The Spanish painter Martín Rico y Ortega (1833-1908) was one of the most important artists of the second half of the nineteenth century in his native country, and enjoyed wide international recognition as well, especially in France and the United States. From his earliest works painted in the mountainous countryside outside of Madrid to the later works he painted in Paris and Venice, throughout his life Rico stayed true to his love of painting en plein air, despite his evolving artistic style.

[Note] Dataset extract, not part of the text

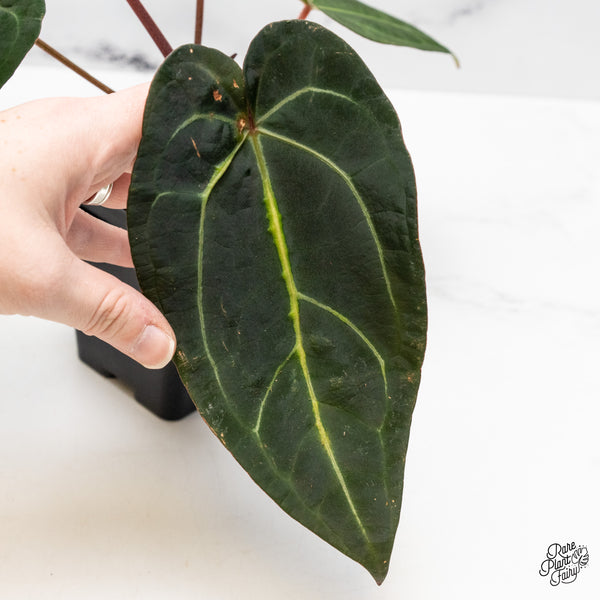 Anthurium Red Velvet Cake '24' x Zara '29' by DocBlock® (wk51-L)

Impressions of Europe: 19th-Century Vistas by Martín Rico will highlight the breadth of Rico’s career with 106 works of art, including paintings, drawings, and sketchbooks depicting urban and natural landscapes of Switzerland, France, Germany, Italy, and his native Spain. Research conducted in preparation for the exhibition uncovered new information about Rico and his work, leading to the compilation of his first complete biography, which will be included in the exhibition’s catalogue.

Martín Rico is known as one of Spain’s greatest landscape masters. Praised for capturing a unique luminosity in his representations of locations throughout Europe, Rico painted his most iconic works during his time in Venice, where he worked from the 1870s through the end of his life in 1908. Because Venice was a required stop on most “Grand Tours,” Americans were particularly drawn to Rico’s Venetian scenes and purchased them in abundance as souvenirs of their trips. The Meadows-Prado partnership gives a unique opportunity for these works to be shown alongside of the works that remained in Europe, including the Prado’s unmatched collection of paintings and newly acquired collection of forty sketchbooks, which have never before been publicly shown.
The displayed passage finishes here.